Viele der ehemaligen Großverlage, heute bescheidene Abteilungen von Apple, Xiao, Sony und Indimedia, haben die komplette Kommunikation in der Hand, dominieren den Netzmarkt, die Telefonie – auch wenn das eine schon fast historische Unterscheidung ist – und das Fernsehen. Doch seit das einst traumhafte Aktiengeschäft nicht mehr lohnt, sind auch sie auf dem absteigenden Ast.
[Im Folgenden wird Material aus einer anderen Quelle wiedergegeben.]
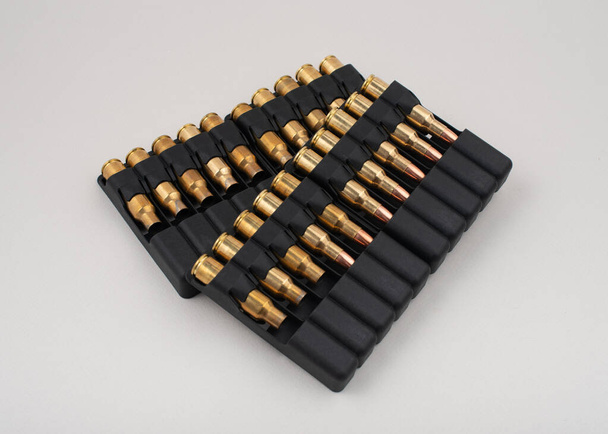 Proiettili di fucile in custodie di plastica isolate su fondo grigio. - Foto, immagini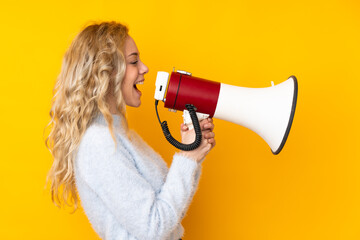 Young blonde woman isolated on yellow background shouting through a megaphone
Die Währungskriege der frühen 2010er Jahre und die restriktiven internationalen Börsengesetze haben deutliche Spuren hinterlassen.

Was ist bei »cover.me« anders?

Das Portal vereinigt ein ganzes Heer von Medien, die von Gruppen, Organisationen und Einzelkämpfern bestückt werden. In diesem Netzwerk beleuchten Medienmacher unsere Welt in ihrem individuellen Stil. Als Meinung, Nachricht oder Feature vom emotionalen Bewegtbild bis zur messerscharfen Analyse, vom kleinen Fotoblog bis zur umfangreichen Datensammlung. Mit im Boot sind die Medien gemeinnütziger Verbände, NGOs, politische und kulturelle Einrichtungen, Umweltorganisationen, Künstlervereinigungen bis hin zu nachhaltig arbeitenden Banken.

Levi Zimmermann hat seine persönliche Spielwiese auf dem Kunstmarkt gefunden. Foto: Achenbach & Pacini
Levi Zimmermann hat seine persönliche Spielwiese auf dem Kunstmarkt gefunden. Foto: Achenbach & Pacini

Und was macht so ein kleines Bildgestalter-Büro wie ihr im Exekutiv-Kommité?

Wir kamen über den Minderheitenbonus hinein. Auch wir wollen dem Kasperltheater der Medienindustrie, die sich auf Sensationen und seichte Unterhaltung kapriziert, etwas entgegensetzen. Individualismus statt Schablonendenken, Humanismus statt Menschenverachtung, Meinungsbildung statt Verdummung, Nachhaltigkeit statt Verschwendung. »cover.me« vertritt eine Haltung, die sich auch in den Themen unserer Arbeit niederschlägt.

Ihr betreibt Fotografie und Film. Was ist so besonders daran?

Eigentlich nichts Außergewöhnliches. Seit jedes Aufnahmegerät eine Filmkamera ist und Stillpics bei Bedarf aus dem Bewegtbild geclipt werden, arbeitet fast jeder Profi in beiden Bereichen. Da wir beide aber Nostalgiker sind, holen wir gern noch unsere alte 80 Megapixel-Kamera hervor. Das mag vielleicht konservativ klingen, es macht uns aber einfach Spaß, uns konsequent auf Momente zu konzentrieren. Diese klassischen eingefrorenen Bilder haben ihre Faszination nicht verloren. Wir haben uns damit in der Kunstszene eine Fangemeinde geschaffen, ich mit meinen konzeptionellen Arrangements und June mit ihren dokumentarischen Serien.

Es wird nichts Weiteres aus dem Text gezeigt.